> _About this task_
Starting with the first line and ending with the one that holds "Summer Vacation Concept", retype the entries exactly.

> _Data for review_
——————

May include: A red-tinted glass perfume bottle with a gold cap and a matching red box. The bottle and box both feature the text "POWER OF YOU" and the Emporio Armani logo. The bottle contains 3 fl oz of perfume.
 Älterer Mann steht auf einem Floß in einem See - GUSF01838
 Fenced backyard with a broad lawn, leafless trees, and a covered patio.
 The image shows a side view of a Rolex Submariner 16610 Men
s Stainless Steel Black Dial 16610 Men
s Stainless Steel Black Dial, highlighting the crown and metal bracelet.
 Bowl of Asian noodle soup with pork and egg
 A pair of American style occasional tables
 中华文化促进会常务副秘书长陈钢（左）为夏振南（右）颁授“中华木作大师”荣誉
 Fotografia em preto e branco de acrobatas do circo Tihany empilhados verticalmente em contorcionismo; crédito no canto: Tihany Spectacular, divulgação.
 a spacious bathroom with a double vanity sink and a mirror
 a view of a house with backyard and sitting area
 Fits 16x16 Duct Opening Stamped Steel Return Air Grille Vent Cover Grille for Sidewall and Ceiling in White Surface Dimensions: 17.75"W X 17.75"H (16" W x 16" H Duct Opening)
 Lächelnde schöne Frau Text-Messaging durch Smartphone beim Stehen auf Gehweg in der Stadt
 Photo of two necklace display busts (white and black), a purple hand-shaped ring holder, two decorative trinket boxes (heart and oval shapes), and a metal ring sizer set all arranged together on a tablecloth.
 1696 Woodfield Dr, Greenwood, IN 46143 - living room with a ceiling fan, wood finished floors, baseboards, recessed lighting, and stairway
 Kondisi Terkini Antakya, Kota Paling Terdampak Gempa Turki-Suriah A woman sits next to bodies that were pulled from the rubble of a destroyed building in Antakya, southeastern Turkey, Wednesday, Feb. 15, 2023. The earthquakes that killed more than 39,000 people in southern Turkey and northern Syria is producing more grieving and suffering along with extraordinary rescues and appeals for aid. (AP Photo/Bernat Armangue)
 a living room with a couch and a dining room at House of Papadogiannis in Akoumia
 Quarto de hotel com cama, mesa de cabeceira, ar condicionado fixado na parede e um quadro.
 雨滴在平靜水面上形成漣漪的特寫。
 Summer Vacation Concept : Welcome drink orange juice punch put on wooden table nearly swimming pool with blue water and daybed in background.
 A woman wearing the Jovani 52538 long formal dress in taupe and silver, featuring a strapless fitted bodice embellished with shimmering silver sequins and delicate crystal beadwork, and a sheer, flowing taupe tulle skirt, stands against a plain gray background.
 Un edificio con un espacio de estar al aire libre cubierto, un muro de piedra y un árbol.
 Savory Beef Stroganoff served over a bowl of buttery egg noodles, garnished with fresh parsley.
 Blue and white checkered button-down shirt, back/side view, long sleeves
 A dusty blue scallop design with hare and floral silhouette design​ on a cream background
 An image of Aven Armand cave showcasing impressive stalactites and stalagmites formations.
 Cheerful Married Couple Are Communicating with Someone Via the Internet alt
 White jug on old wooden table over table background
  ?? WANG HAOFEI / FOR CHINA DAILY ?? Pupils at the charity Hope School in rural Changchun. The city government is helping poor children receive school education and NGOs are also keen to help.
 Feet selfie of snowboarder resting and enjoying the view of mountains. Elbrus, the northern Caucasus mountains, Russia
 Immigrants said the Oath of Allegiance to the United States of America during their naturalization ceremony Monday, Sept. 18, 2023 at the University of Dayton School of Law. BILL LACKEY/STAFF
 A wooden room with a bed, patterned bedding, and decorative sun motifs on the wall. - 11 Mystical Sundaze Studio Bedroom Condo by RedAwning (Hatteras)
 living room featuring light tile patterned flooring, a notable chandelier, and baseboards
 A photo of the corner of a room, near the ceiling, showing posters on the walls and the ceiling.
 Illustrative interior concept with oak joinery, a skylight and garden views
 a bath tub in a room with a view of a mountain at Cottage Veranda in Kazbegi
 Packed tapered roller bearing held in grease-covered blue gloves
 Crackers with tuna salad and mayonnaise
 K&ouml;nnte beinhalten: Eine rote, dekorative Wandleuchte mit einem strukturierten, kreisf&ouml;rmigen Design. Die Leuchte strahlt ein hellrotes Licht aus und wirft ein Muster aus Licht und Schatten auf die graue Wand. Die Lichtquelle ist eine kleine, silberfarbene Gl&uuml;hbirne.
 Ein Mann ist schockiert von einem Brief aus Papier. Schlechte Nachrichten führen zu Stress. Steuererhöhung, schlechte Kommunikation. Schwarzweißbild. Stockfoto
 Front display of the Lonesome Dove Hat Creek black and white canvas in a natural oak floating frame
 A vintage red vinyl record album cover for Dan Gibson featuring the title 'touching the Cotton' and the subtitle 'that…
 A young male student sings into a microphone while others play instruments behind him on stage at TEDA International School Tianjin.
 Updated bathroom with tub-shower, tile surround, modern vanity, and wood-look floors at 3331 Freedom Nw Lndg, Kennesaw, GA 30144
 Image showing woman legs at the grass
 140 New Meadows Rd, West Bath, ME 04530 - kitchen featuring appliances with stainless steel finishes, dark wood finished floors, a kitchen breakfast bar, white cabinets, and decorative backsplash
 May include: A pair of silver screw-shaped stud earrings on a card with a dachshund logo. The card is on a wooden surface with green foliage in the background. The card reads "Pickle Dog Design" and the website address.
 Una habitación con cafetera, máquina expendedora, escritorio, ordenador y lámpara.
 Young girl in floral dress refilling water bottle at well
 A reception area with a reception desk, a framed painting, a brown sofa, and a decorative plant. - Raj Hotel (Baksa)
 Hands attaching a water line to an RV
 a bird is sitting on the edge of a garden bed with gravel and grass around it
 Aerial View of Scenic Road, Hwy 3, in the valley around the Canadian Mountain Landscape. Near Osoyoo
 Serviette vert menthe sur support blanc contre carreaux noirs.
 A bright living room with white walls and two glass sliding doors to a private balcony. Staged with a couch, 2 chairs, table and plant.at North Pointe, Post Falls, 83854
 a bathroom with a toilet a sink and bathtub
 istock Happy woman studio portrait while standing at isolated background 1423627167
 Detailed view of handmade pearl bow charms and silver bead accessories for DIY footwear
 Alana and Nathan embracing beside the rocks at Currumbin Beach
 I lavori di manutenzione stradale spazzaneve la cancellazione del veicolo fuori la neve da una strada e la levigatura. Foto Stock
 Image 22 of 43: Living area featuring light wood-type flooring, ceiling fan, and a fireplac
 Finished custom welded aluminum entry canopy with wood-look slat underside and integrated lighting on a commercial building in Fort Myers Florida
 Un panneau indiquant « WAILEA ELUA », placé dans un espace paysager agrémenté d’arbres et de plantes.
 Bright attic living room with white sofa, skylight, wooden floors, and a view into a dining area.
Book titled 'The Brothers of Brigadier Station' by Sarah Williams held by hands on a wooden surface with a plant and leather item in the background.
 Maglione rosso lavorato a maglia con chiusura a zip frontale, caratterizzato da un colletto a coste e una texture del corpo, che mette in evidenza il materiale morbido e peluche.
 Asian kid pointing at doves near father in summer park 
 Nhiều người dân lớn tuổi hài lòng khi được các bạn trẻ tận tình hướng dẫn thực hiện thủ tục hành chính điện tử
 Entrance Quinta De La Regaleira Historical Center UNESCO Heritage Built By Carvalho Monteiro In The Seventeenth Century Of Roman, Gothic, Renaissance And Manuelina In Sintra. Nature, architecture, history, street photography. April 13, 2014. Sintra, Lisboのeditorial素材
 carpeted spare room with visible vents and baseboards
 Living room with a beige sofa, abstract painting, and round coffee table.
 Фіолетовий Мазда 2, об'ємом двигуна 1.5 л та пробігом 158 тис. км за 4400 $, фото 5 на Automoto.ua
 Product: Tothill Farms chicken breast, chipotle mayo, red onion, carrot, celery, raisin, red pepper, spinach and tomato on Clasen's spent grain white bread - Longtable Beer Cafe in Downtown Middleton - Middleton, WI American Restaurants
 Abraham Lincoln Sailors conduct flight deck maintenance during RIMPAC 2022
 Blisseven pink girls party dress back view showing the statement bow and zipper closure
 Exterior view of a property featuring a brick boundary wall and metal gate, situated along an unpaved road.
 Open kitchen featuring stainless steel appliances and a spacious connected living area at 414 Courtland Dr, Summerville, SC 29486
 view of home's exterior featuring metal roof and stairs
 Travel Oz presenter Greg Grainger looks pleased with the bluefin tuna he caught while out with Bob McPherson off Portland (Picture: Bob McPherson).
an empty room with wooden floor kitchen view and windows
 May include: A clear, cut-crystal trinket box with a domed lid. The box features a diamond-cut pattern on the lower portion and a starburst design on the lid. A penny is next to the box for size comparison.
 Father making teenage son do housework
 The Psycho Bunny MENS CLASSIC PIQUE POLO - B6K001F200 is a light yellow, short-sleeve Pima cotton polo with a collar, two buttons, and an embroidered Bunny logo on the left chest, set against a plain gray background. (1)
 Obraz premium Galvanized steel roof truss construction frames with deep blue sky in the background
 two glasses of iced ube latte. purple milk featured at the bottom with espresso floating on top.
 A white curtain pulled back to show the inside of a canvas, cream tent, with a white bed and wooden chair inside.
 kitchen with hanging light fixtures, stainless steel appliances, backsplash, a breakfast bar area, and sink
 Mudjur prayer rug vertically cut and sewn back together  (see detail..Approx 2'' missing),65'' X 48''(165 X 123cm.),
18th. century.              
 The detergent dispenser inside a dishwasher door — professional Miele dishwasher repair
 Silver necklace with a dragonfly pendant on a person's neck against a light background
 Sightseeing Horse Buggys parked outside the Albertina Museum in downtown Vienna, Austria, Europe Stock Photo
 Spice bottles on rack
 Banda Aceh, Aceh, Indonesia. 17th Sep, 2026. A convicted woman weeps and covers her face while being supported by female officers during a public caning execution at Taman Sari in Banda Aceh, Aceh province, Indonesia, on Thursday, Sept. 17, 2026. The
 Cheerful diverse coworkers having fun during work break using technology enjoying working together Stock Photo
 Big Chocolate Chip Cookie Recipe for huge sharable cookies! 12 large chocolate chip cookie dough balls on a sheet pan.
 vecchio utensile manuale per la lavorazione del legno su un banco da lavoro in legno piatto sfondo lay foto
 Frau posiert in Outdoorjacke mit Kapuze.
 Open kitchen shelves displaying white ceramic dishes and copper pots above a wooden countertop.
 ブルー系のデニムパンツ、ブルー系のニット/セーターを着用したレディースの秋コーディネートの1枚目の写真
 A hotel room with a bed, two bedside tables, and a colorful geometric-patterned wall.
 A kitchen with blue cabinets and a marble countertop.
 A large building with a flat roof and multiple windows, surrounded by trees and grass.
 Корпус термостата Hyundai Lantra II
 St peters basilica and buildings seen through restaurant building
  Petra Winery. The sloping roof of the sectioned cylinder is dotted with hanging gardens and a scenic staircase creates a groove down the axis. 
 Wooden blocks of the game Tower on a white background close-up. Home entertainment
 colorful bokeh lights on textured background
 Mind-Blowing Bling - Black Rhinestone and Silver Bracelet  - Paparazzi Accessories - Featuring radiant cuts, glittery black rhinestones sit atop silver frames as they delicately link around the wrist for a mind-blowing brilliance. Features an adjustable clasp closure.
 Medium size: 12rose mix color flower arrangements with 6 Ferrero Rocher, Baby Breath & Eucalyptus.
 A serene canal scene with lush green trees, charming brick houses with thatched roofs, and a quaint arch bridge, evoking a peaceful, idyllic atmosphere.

——————

> _The answer_
May include: A red-tinted glass perfume bottle with a gold cap and a matching red box. The bottle and box both feature the text "POWER OF YOU" and the Emporio Armani logo. The bottle contains 3 fl oz of perfume.
 Älterer Mann steht auf einem Floß in einem See - GUSF01838
 Fenced backyard with a broad lawn, leafless trees, and a covered patio.
 The image shows a side view of a Rolex Submariner 16610 Men
s Stainless Steel Black Dial 16610 Men
s Stainless Steel Black Dial, highlighting the crown and metal bracelet.
 Bowl of Asian noodle soup with pork and egg
 A pair of American style occasional tables
 中华文化促进会常务副秘书长陈钢（左）为夏振南（右）颁授“中华木作大师”荣誉
 Fotografia em preto e branco de acrobatas do circo Tihany empilhados verticalmente em contorcionismo; crédito no canto: Tihany Spectacular, divulgação.
 a spacious bathroom with a double vanity sink and a mirror
 a view of a house with backyard and sitting area
 Fits 16x16 Duct Opening Stamped Steel Return Air Grille Vent Cover Grille for Sidewall and Ceiling in White Surface Dimensions: 17.75"W X 17.75"H (16" W x 16" H Duct Opening)
 Lächelnde schöne Frau Text-Messaging durch Smartphone beim Stehen auf Gehweg in der Stadt
 Photo of two necklace display busts (white and black), a purple hand-shaped ring holder, two decorative trinket boxes (heart and oval shapes), and a metal ring sizer set all arranged together on a tablecloth.
 1696 Woodfield Dr, Greenwood, IN 46143 - living room with a ceiling fan, wood finished floors, baseboards, recessed lighting, and stairway
 Kondisi Terkini Antakya, Kota Paling Terdampak Gempa Turki-Suriah A woman sits next to bodies that were pulled from the rubble of a destroyed building in Antakya, southeastern Turkey, Wednesday, Feb. 15, 2023. The earthquakes that killed more than 39,000 people in southern Turkey and northern Syria is producing more grieving and suffering along with extraordinary rescues and appeals for aid. (AP Photo/Bernat Armangue)
 a living room with a couch and a dining room at House of Papadogiannis in Akoumia
 Quarto de hotel com cama, mesa de cabeceira, ar condicionado fixado na parede e um quadro.
 雨滴在平靜水面上形成漣漪的特寫。
 Summer Vacation Concept : Welcome drink orange juice punch put on wooden table nearly swimming pool with blue water and daybed in background.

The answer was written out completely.